== PROBLEM REQUIREMENTS ==
In the material below, the lines containing the word "Mercedes" are required; copy each of them.

== THE DATA ==
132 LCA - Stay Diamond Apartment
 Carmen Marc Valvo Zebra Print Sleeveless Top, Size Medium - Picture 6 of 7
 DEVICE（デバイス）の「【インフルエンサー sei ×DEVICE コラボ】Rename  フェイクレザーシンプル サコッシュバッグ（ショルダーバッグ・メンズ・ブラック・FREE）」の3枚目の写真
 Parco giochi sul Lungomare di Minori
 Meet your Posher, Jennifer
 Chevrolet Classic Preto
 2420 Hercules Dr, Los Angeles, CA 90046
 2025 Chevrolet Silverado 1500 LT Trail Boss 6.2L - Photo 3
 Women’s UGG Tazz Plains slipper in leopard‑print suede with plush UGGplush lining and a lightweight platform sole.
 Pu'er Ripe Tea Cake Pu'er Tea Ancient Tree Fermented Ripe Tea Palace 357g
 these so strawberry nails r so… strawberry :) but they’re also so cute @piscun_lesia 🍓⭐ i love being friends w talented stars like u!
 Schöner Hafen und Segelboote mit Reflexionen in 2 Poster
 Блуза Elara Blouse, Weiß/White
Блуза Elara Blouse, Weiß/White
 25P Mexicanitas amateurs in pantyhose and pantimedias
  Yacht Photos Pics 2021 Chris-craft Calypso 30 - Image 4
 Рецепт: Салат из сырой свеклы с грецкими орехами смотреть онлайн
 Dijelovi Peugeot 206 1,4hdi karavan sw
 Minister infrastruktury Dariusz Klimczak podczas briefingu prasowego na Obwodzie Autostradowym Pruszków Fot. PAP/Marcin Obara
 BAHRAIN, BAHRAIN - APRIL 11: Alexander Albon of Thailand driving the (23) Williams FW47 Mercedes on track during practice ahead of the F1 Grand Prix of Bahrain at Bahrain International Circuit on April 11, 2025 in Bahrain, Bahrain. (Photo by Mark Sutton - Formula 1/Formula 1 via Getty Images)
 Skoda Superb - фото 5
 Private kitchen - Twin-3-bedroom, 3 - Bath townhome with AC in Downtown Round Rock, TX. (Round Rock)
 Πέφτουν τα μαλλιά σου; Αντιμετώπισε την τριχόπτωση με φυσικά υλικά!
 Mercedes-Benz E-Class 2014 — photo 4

== RESULT BELOW ==
 BAHRAIN, BAHRAIN - APRIL 11: Alexander Albon of Thailand driving the (23) Williams FW47 Mercedes on track during practice ahead of the F1 Grand Prix of Bahrain at Bahrain International Circuit on April 11, 2025 in Bahrain, Bahrain. (Photo by Mark Sutton - Formula 1/Formula 1 via Getty Images)
 Mercedes-Benz E-Class 2014 — photo 4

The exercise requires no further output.